4 files changed, 36 insertions, 20 deletions
diff --git a/README.md b/README.md
index f710b22..c6ff340 100755
--- a/README.md
+++ b/README.md
@@ -107,7 +107,13 @@ Note: this is not tested and we trained our model using single GPU only. Please
 - To train the images at full resolution (2048 x 1024) requires a GPU with 24G memory (`bash ./scripts/train_1024p_24G.sh`).
 If only GPUs with 12G memory are available, please use the 12G script (`bash ./scripts/train_1024p_12G.sh`), which will crop the images during training. Performance is not guaranteed using this script.
 
-## More Training/test Details
+### Training with your own dataset
+- If you want to train with your own dataset, please generate label maps which are one-channel whose pixel values correspond to the object labels (i.e. 0,1,...,N-1, where N is the number of labels). This is because we need to generate one-hot vectors from the label maps. Please also specity `--label_nc N` during both training and testing.
+- If your input is not a label map, please just specify `--label_nc 0` which will directly use the RGB colors as input.
+- If you don't have instance maps or don't want to use them, please specify `--no_instance`.

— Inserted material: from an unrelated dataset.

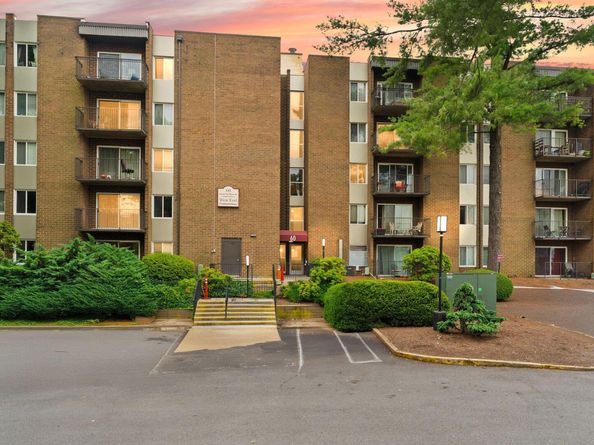 60 Van Dorn 506, Alexandria VA 22304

+- The default setting for preprocessing is `scale_width`, which will scale the width of all training images to `opt.loadSize` (1024) while keeping the aspect ratio. If you want a different setting, please change it by using the `--resize_or_crop` option. For example, `scale_width_and_crop` first resizes the image to have width `opt.loadSize` and then does random cropping of size `(opt.fineSize, opt.fineSize)`. `crop` skips the resizing step and only performs random cropping. If you don't want any preprocessing, please specify `none`, which will do nothing other than making sure the image is divisible by 32.
+
+## More Training/Test Details
 - Flags: see `options/train_options.py` and `options/base_options.py` for all the training flags; see `options/test_options.py` and `options/base_options.py` for all the test flags.

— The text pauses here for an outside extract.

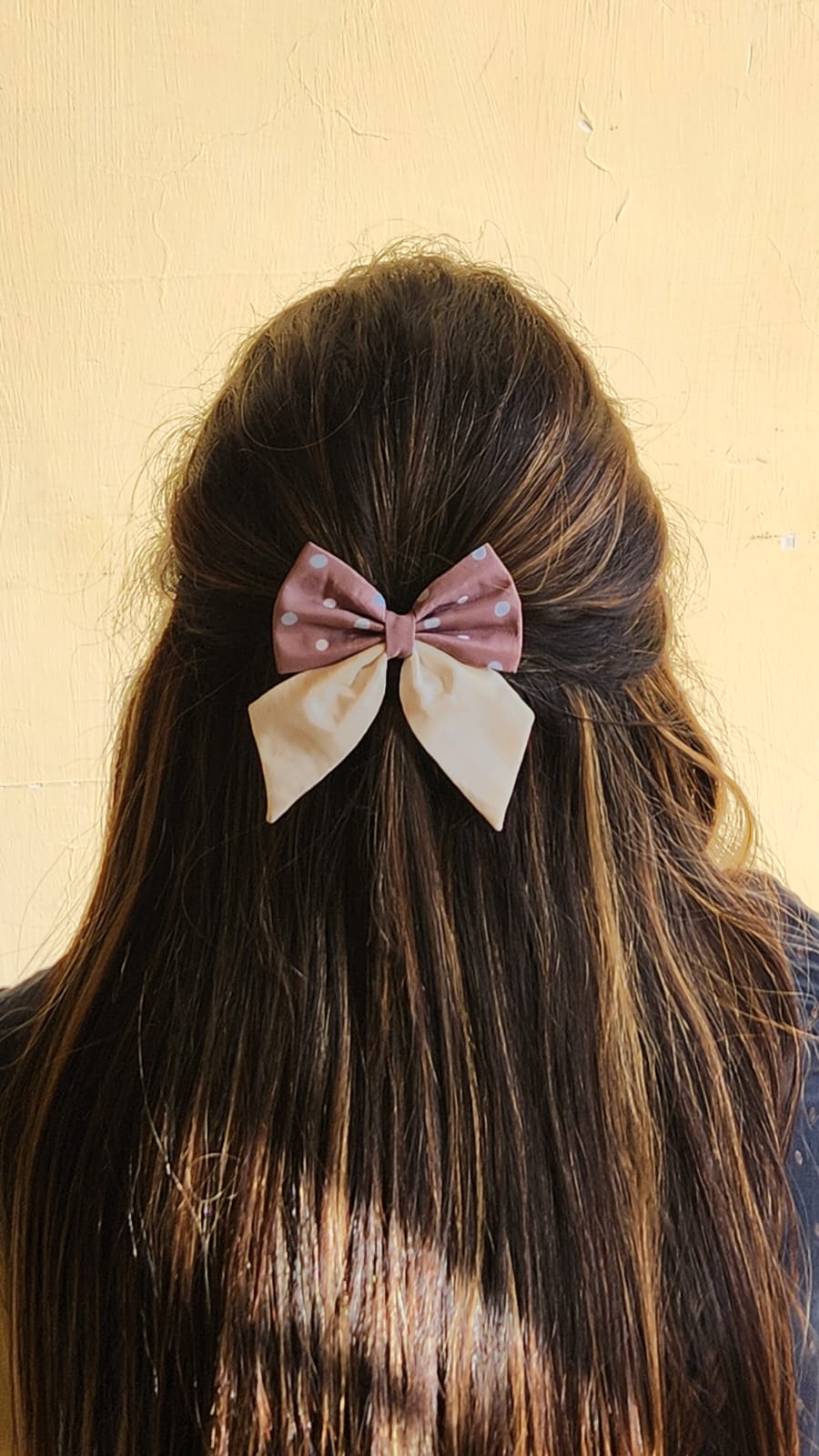 PIGTAIL BOW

 - Instance map: we take in both label maps and instance maps as input. If you don't want to use instance maps, please specify the flag `--no_instance`.
 
diff --git a/data/aligned_dataset.py b/data/aligned_dataset.py
index a0c9a0a..a3cdc76 100755
--- a/data/aligned_dataset.py
+++ b/data/aligned_dataset.py
@@ -33,12 +33,16 @@ class AlignedDataset(BaseDataset):
         self.dataset_size = len(self.label_paths) 
       
     def __getitem__(self, index):        
-        ### label maps
+        ### label maps        
         label_path = self.label_paths[index]              

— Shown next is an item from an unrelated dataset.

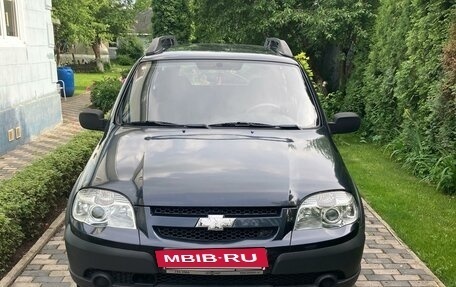 Chevrolet Niva I рестайлинг, 2011 год, 630 000 рублей, 5 фотография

         label = Image.open(label_path)        
-        params = get_params(self.opt, label.size)          
-        transform_label = get_transform(self.opt, params, method=Image.NEAREST, normalize=False)
-        label_tensor = transform_label(label) * 255.0
+        params = get_params(self.opt, label.size)
+        if self.opt.label_nc == 0:
+            transform_label = get_transform(self.opt, params)
+            label_tensor = transform_label(label.convert('RGB'))
+        else:
+            transform_label = get_transform(self.opt, params, method=Image.NEAREST, normalize=False)
+            label_tensor = transform_label(label) * 255.0
 
         image_tensor = inst_tensor = feat_tensor = 0
         ### real images
diff --git a/models/pix2pixHD_model.py b/models/pix2pixHD_model.py
index fea9a1d..834fc18 100755
--- a/models/pix2pixHD_model.py
+++ b/models/pix2pixHD_model.py
@@ -19,10 +19,11 @@ class Pix2PixHDModel(BaseModel):
         self.isTrain = opt.isTrain
         self.use_features = opt.instance_feat or opt.label_feat
         self.gen_features = self.use_features and not self.opt.load_features
+        input_nc = opt.label_nc if opt.label_nc != 0 else 3
 
         ##### define networks        
         # Generator network
-        netG_input_nc = opt.label_nc
+        netG_input_nc = input_nc        
         if not opt.no_instance:
             netG_input_nc += 1
         if self.use_features:
@@ -34,7 +35,7 @@ class Pix2PixHDModel(BaseModel):
         # Discriminator network
         if self.isTrain:
             use_sigmoid = opt.no_lsgan
-            netD_input_nc = opt.label_nc + opt.output_nc
+            netD_input_nc = input_nc + opt.output_nc
             if not opt.no_instance:
                 netD_input_nc += 1
             self.netD = networks.define_D(netD_input_nc, opt.ndf, opt.n_layers_D, opt.norm, use_sigmoid, 
@@ -93,12 +94,15 @@ class Pix2PixHDModel(BaseModel):
             params = list(self.netD.parameters())    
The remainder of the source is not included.